公演日 | 2010年5月 |
収録 |
プロローグ「小ピンチ」 絶体絶命戦士ピンチマン Brandnew 引力 ノーツー 大ピンチ 家族 走れネロス 告ぐ エピローグ「大チャンス」 |
どうも、コント作家のりきぞうです。
きょうも、コント作品をレビューしていきます。
取りあげるのは、バカリズム『ピンチ!』。
『小ピンチ』、『大ピンチ』、『大チャンス』は、連作コント。
ほかの作品をあいだにはさみつつ、ひとつ出来事を複数の視点から描いています。
シナリオ上、ロジカルな構成になってます。
とびとびではなく、とおしでみるといいかもです。
…
個人的に良かったのは、「家族」、「告ぐ」 ─ 。
以下、くわしくみていきます。
『家族』
あらすじ
カノジョの父に、結婚のあいさつをするカレシ。
父親は反対しつづけるが、妻や弟は認めるようフォローする。
くわえて、祖父、祖母、複数の同居人まで登場し、同じくフォロー。
さらに、野球少年、見知らぬ男、武士、こけし、ハト、ミトコンドリアまでフォローしはじめて……。
ひとこと
むすめの結婚をみとめるよう、ぞくぞくと登場人物がやってくる。
バカリズムさんおトクいの「フリップ芸」で、ありきたりなプロポーズコントを笑いにかえます。
うまいなぁ。
『走れネロス』
あらすじ
王様にとらわれ、処刑を言いわたされるネロス。
妹の結婚式をみるまで、3日間の猶予をおねがいする。
みとめない王様に、友人のソリヌンティウスを身代わりにさしだすとつたえる。
親友かと思いきや、ソリヌンティウスは〝そこそこ〟知っている〟ていど。
事情を説明せず、王様のもとおいて、そそくさと逃げる。
さらに、ソリヌンティウスもほかの身代わりをさしだすと言い出して……。
ひとこと
タイトルどおり『走れメロス』のパロディ。
コントのプロットにはパターンがありますが、「反復」の構図をうまく利用しています。

このあと〝身代わりが身代わりを呼ぶ展開〟がくりかえす。
プロットだけではありません。
身代わりなのに〝そこそこの知り合い〟だったり、〝新人のバイト〟だったり、まったくカンケーない人を連れてくる。

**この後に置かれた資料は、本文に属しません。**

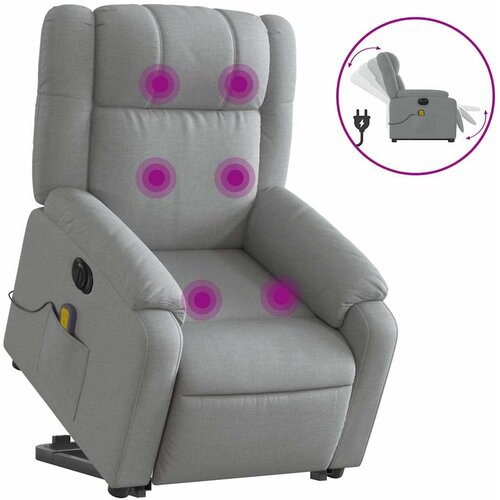 Maison Chic Električni masažni naslanjač - Relax naslanjač s funkcijo vstajanja svetlo siv, (22042576) Cene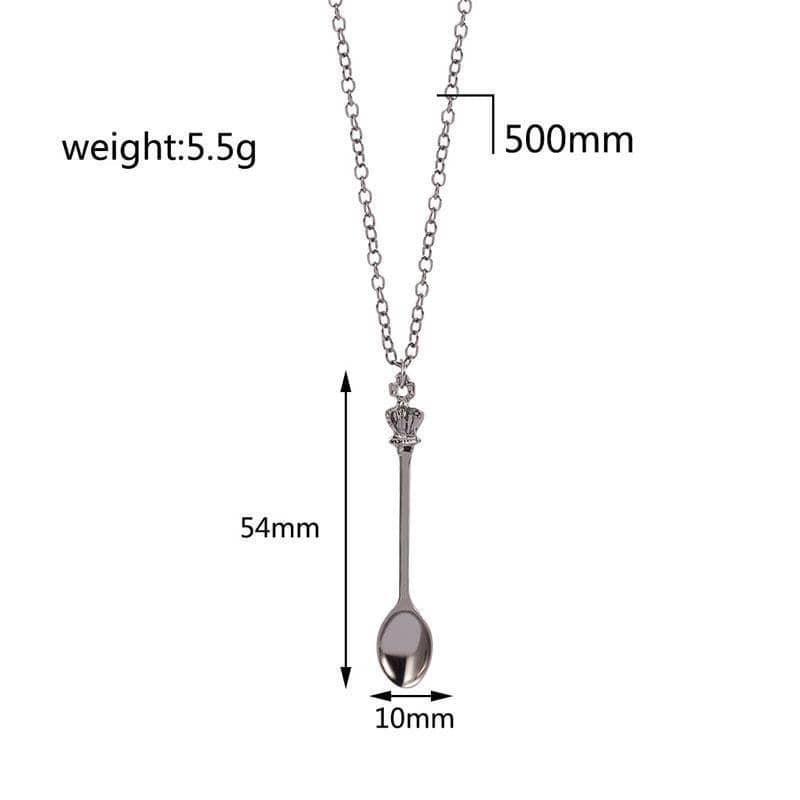 Mini Crown Spoon Pendant Necklace, 60 cm - Gold - view 4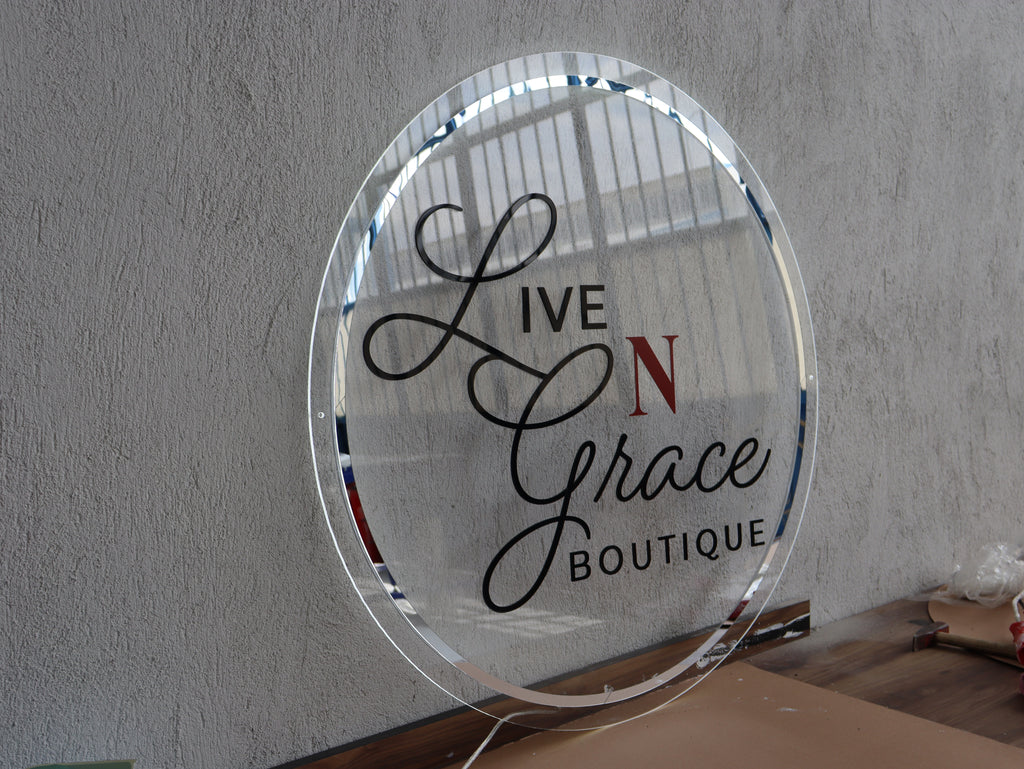 Business Neon Sign | Mirror Neon Sign |  Acrylic Custom Logo Decoration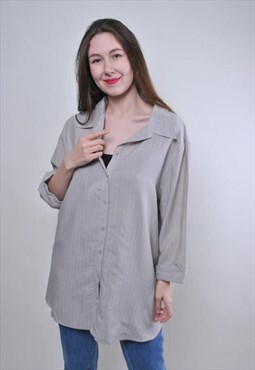 Vintage oversized minimalist striped grey blouse 
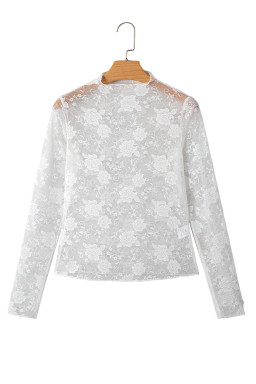 White Mock Neck Floral Lace Mesh Long Sleeve Top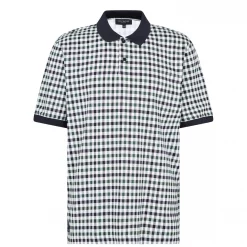 Ted Baker Bowie Check Polo Shirt for Polo Shirts Colour Navy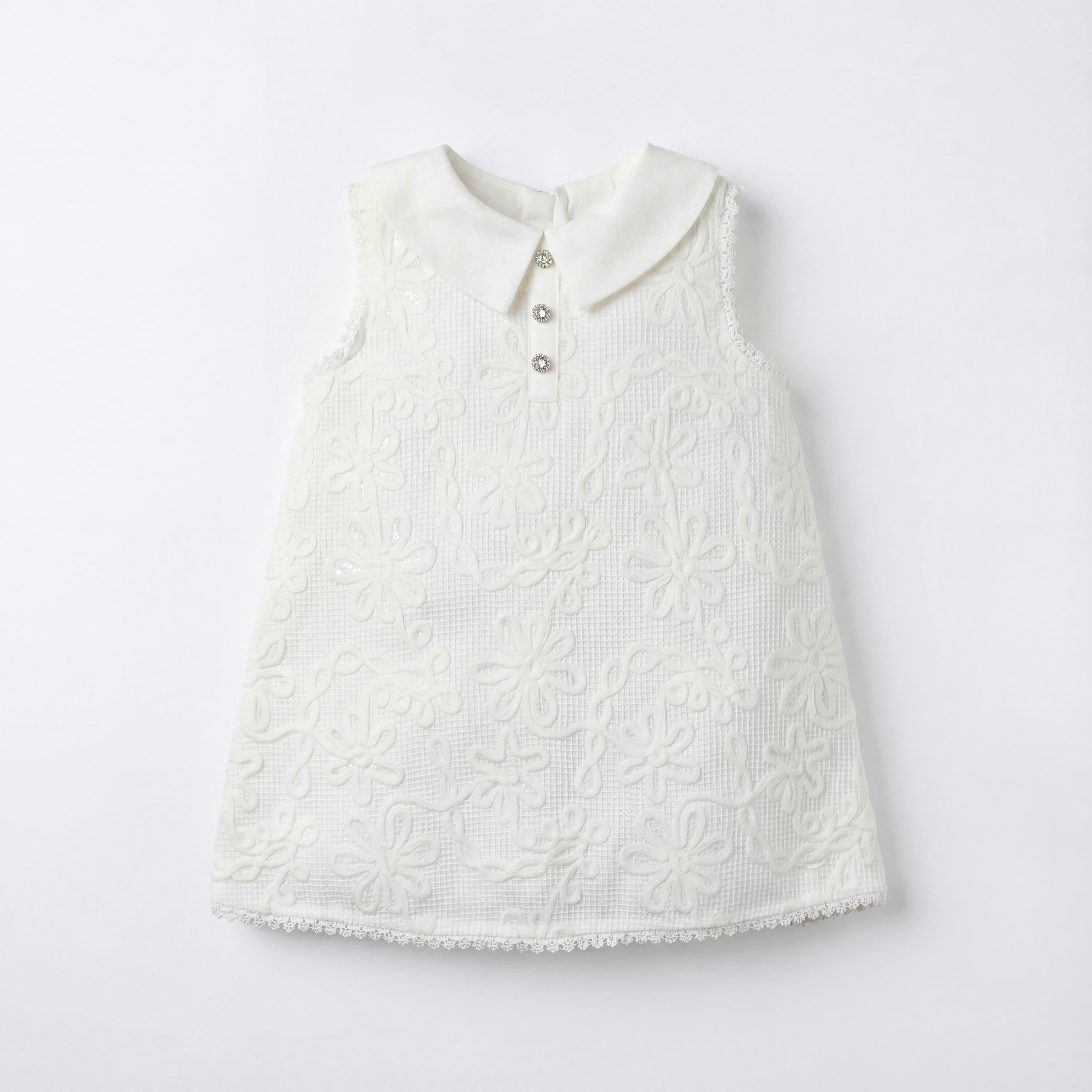 Giggles Collared Sleeveless Dress with Lace and Bow Design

ここがバカリズムさんのおもしろさ。いいかんじにヒネっています。
『告ぐ』
あらすじ
スピーカーをもった刑事。
ビルに立てこもる犯人に、
「銃をもっておとなしく出てきなさい」
と警告。
反応がない犯人。
すると、刑事はふとしたギモンをいだく。
「きみたち」とは言ったものの〝犯人は複数なのか?〟〝単独犯ではないのか?〟
さらに「銃をもって」と言ったが、〝銃をもっているのか?〟〝ナイフしかもってないんじゃないか?〟
まわりの住人にまちがえをみせたくない刑事は、同僚、さらには、犯人にまで確認するが……。
ひとこと
こちらもうまいですね。
笑いばなしとしてバカにはできますが、〝ささいなことが気になり、本来の目的をわすれる〟という事態をあらわしているとすれば、かなり知的な作品だといえます。
おカタい言葉でいえば〝手段の目的化〟。
犯人を警告するはずのスピーカーがアダとなり、犯人の確保から遠ざかる。
こんな視点でみると、バカにできない作品だとわかります。
まとめ
こんなふうに、プロットに注目してみていくと、よりいっそうコントを楽しめます。
ほかの作品でも、こんな視点に立って作品で観ています。
ちがう記事ものぞいてみてください。
ではまた。
よきコントライフを〜。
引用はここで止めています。